We used covariate information collected at the time of REGARDS 2nd in-home assessment, except for age which was taken at the time of the Caregiving Transitions enrollment. Other covariates included sex (women = 1, men = 0), race (Black = 1 and White = 0), education (college graduate or above = 1, and some college, high school graduate, and less than school graduate = 0), marital status (married/cohabitating = 1 and single/never married/divorced/widowed = 0). Nicotine use was indicated by a binary variable indicating whether a participant was smoking (coded as 1) or never smoked/smoked in the past (coded as 0). Using the Centers for Disease Control and Prevention (CDC, 2021) BMI obesity cutoff point of 30, obesity was indicated by a binary variable (BMI ≥ 30 = 1 and BMI < 30 = 0). Similarly, the use of statins and antidepressant medications were indicated by two binary variables (“yes” = 1; “no” = 0). Taking hypertension and diabetes medications were also indicated by binary variables (“yes” = 1 and “no” = 0).

Statistical Analyses

A log (base 2) transformation was made for each of the six biomarkers at each assessment because biomarker levels were highly skewed. We considered these variables using a strategy previously described (Jenny et al., Reference Jenny2012) in which the dependent variable is change over time (Δ) and defined as the difference between REGARDS 2nd in-home assessment (T 2) and REGARDS 1st in-home assessment (T 1 ) on the log (base 2) scores: Δ = Log2 (Y 2) − Log2 (Y 1), where Y 2 and Y 1 represent the raw values of the specific biomarker of interest at T 2 and T 1 , respectively.

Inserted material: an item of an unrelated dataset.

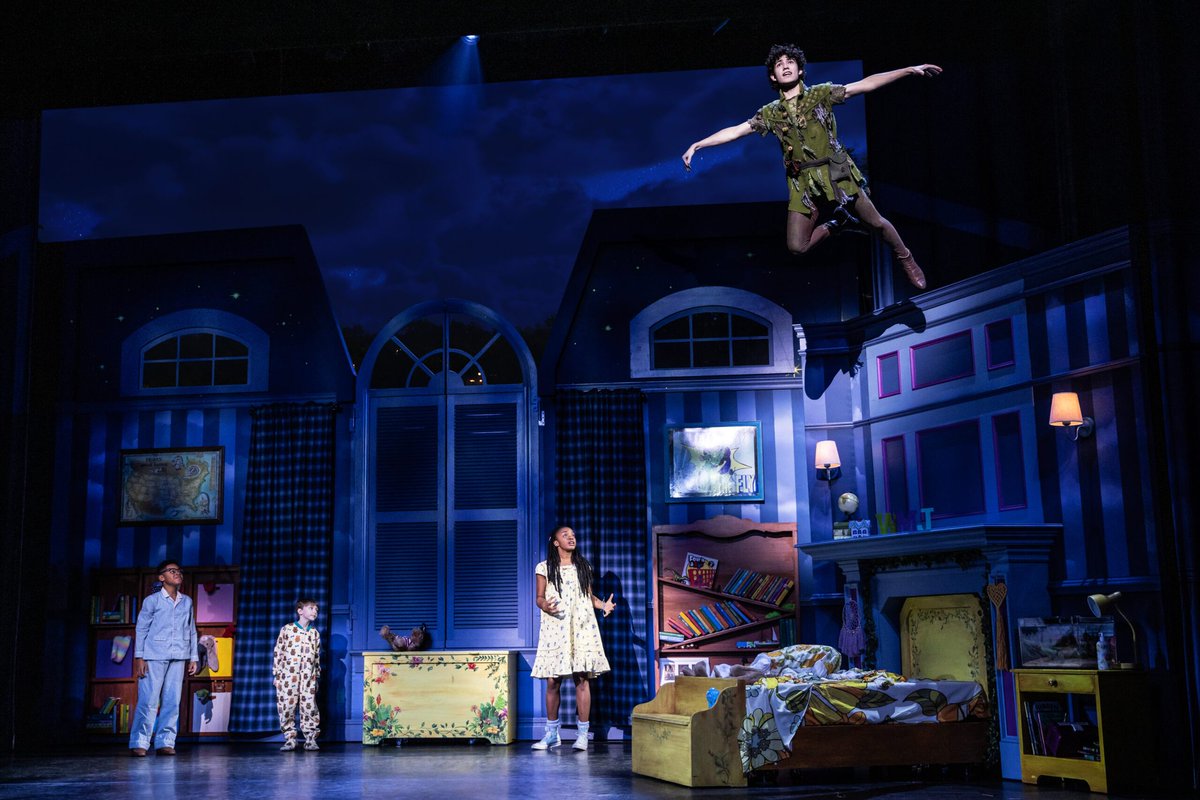 Peter Pan flies high at the @BroadwayNatDC - Beth has your review!

therogersrevue.com/uplifting-adve…

#PeterPanTheMusical #NationalTheatredc
#peterpan #dctheatre #washingtondc #therogersrevue #therogersrevue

Following Roth and colleagues (2020b) who used the same data set, after the log (base 2) transformations possible outliers for each biomarker were identified using the Tukey interquartile range (IQR) method (Tukey, Reference Tukey1977). The IQR, which is the difference between the 75th (Q3) and 25th (Q1) percentiles, was calculated, and all values greater than 3*IQR above Q3 were considered extreme outliers and recoded as missing. There were no values that were less than 3*IQR below Q1. CRP, TNFR1, and D dimer did not have extreme outliers; however, for biomarkers IL-2, IL-6, and IL-10, values above 0.95, 8.23, and 2.22 pg/mL, respectively, were extreme outliers and recoded as missing. For IL-2 and IL-6, 0.7% of the values were identified as extreme outliers, and for IL-10, 1.5% of the values were designated as being extreme outliers. Overall, less than 0.5% values were extreme outliers and coded missing.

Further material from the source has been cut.